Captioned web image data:
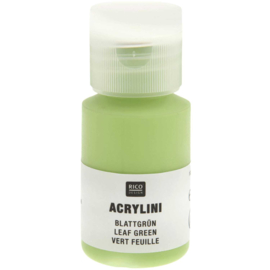 Acrylini verf - bladgroen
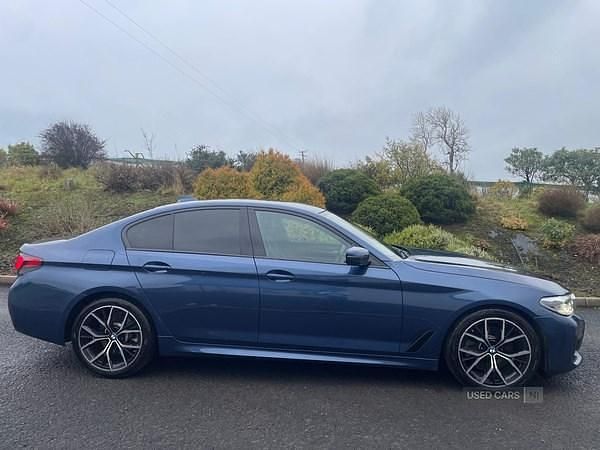 Used BMW 520 M Sport 2022 Blue Sedan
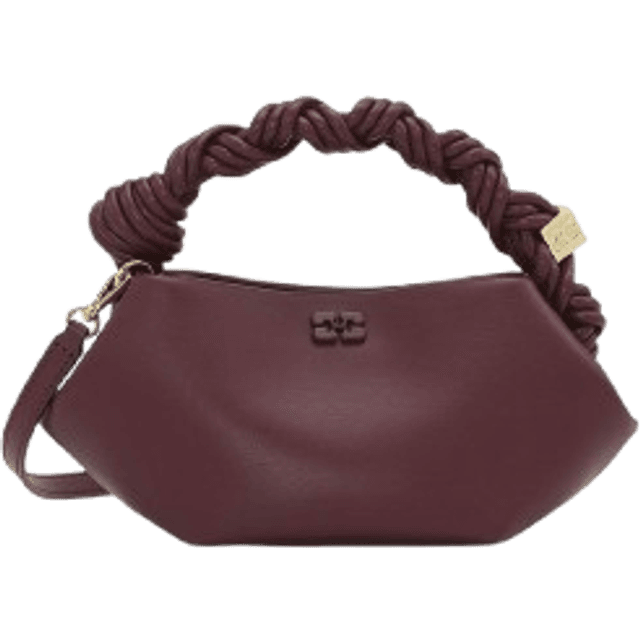 Ganni Bou Bag Mini - Burgundy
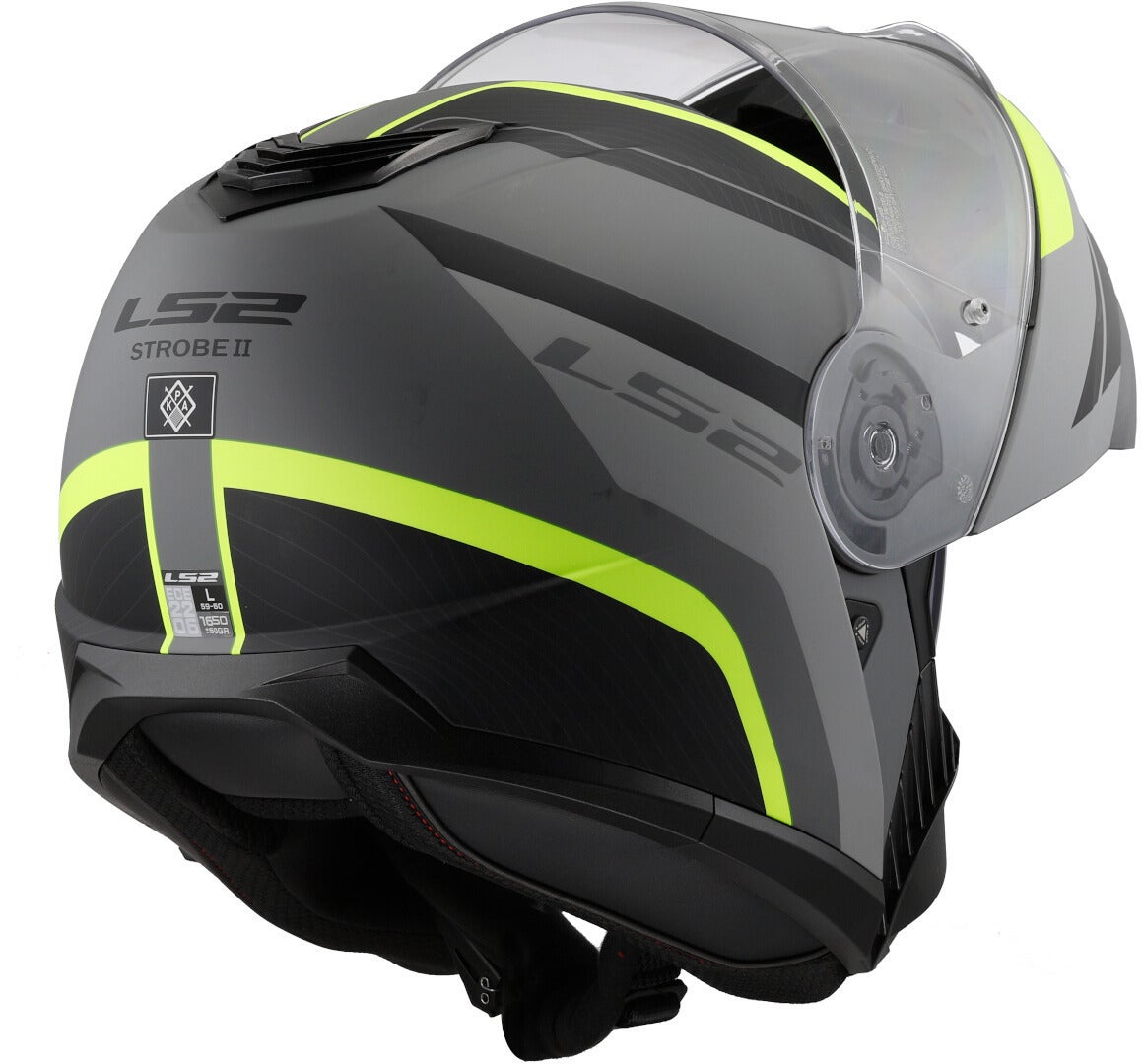 LS2 FF908 Strobe II Monza Helmet black matt/grey/neon-yellow M (57/58) Figure 11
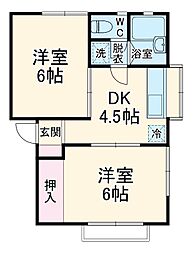 間取図画像 2DK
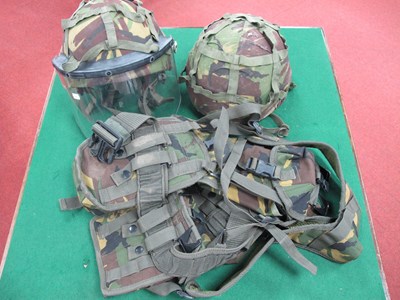 Lot 475 - British Army MKVI Combat Helmet with Riot...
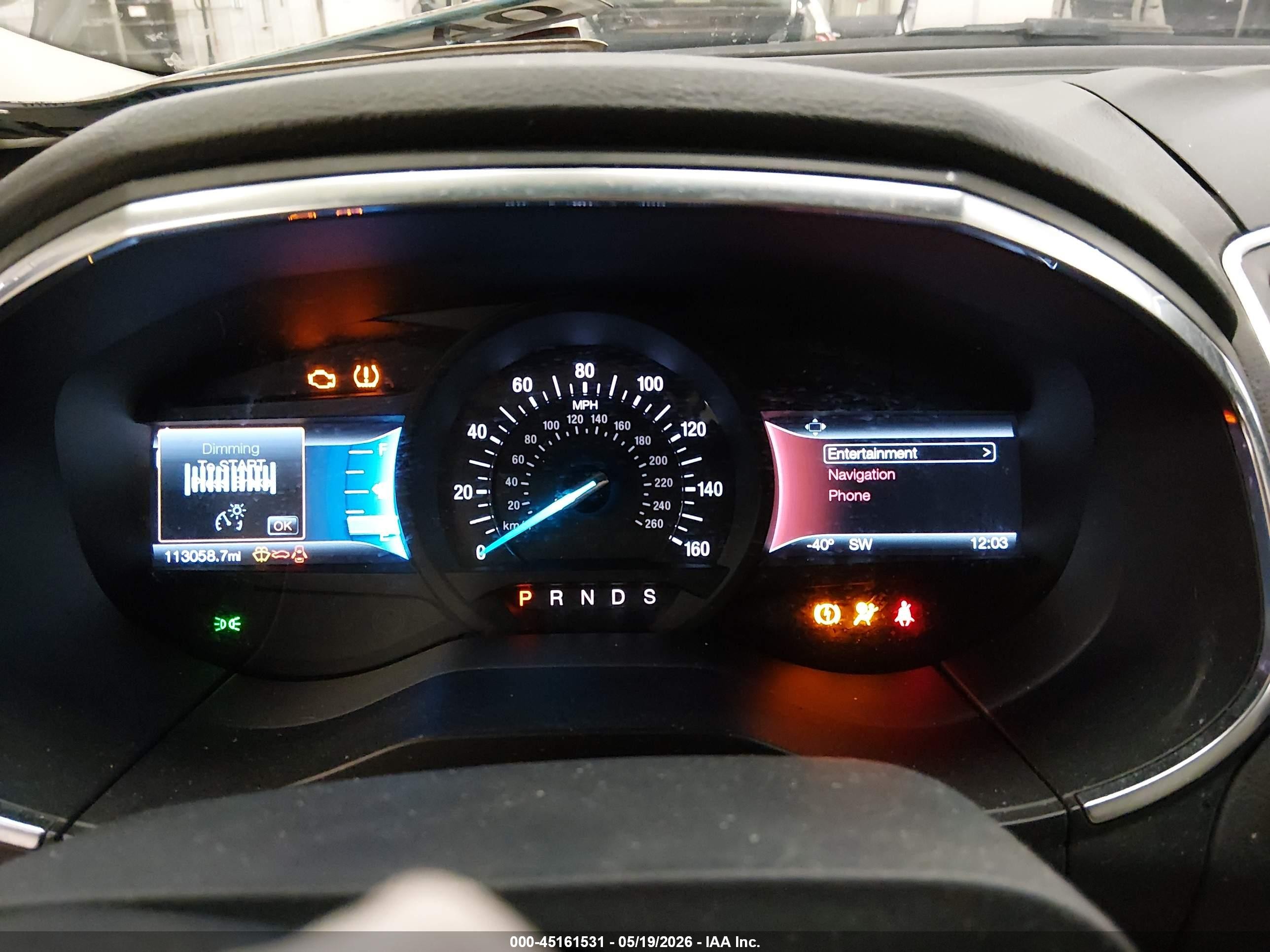 2015 Ford Edge Titanium Серый vin: 2FMPK4K97FBB00255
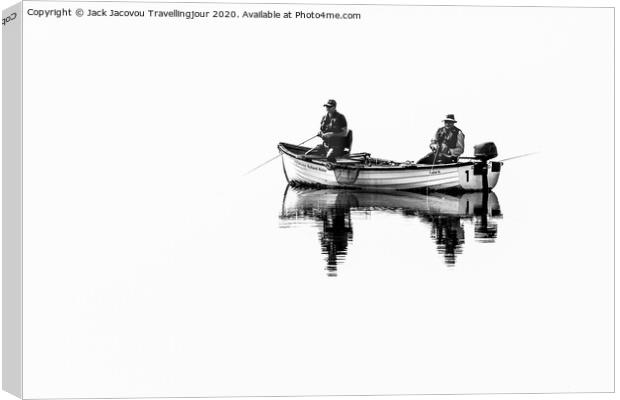 Two Anglers Canvas Print by Jack Jacovou Travellingjour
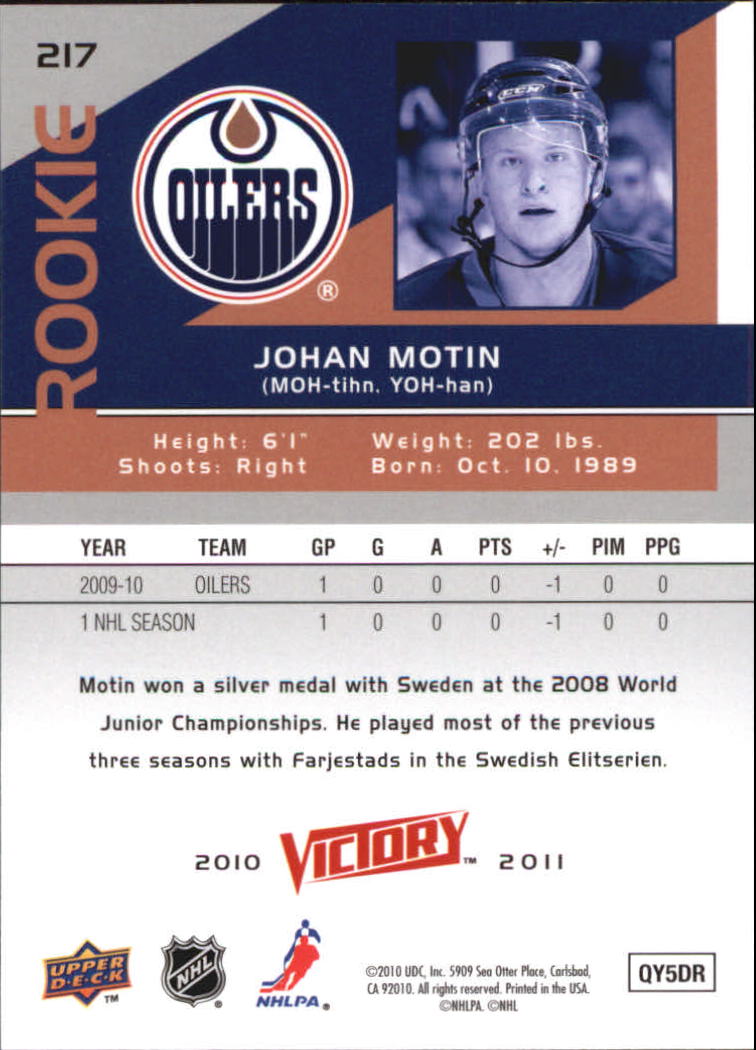 A2317- 2010-11 Upper Deck Victory Hk 1-350 +Rookies -You Pick- 15+ FREE US SHIP - Picture 413 of 461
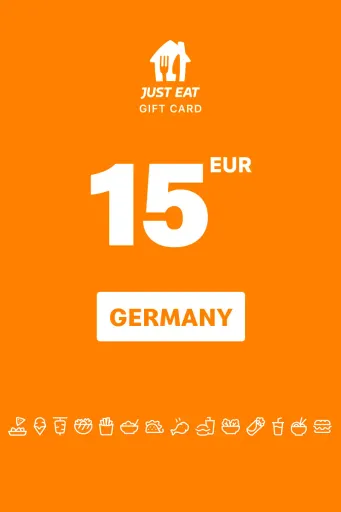 Product Image - Lieferando (Just Eat) 15 EUR Gift Card (Germany) - Digital Key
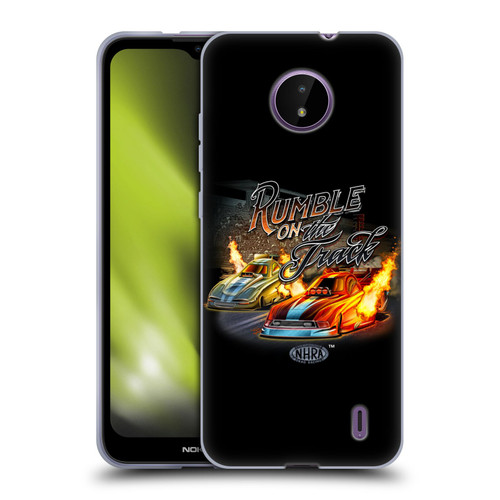 National Hot Rod Association Graphics Rumble On The Track Soft Gel Case for Nokia C10 / C20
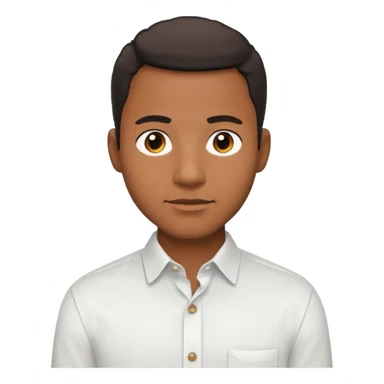 black man thief white shirt sticker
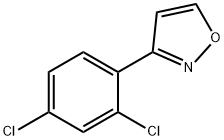 3-(2,4-二氯苯基)异噁唑 结构式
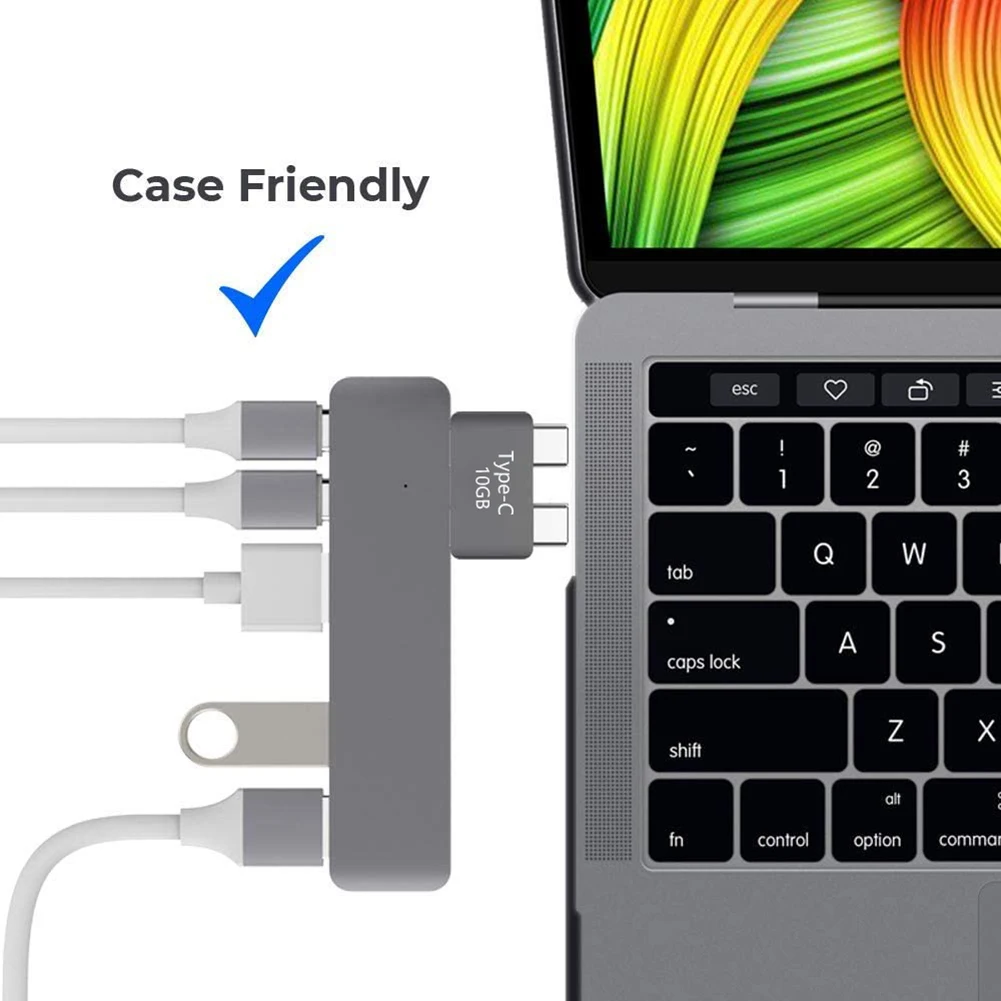 듀얼 C타입 숏 익스텐더, USB 수-암 익스텐션 어댑터 커넥터, 10Gbps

EXERCISE INSTRUCTIONS: With the pictures left out, write out exactly the lines from the line containing "Ganni Bou Bag Mini - Burgundy" through the last line of the entries above, both ends included, and no others.

SOLUTION BELOW:
 Ganni Bou Bag Mini - Burgundy
 LS2 FF908 Strobe II Monza Helmet black matt/grey/neon-yellow M (57/58) Figure 11
 間取図画像 2DK
 Lot 475 - British Army MKVI Combat Helmet with Riot...
 2015 Ford Edge Titanium Серый vin: 2FMPK4K97FBB00255
 Two Anglers Canvas Print by Jack Jacovou Travellingjour
 A2317- 2010-11 Upper Deck Victory Hk 1-350 +Rookies -You Pick- 15+ FREE US SHIP - Picture 413 of 461
 Product Image - Lieferando (Just Eat) 15 EUR Gift Card (Germany) - Digital Key
 National Hot Rod Association Graphics Rumble On The Track Soft Gel Case for Nokia C10 / C20
 black man thief white shirt sticker
 3-(2,4-二氯苯基)异噁唑 结构式
 듀얼 C타입 숏 익스텐더, USB 수-암 익스텐션 어댑터 커넥터, 10Gbps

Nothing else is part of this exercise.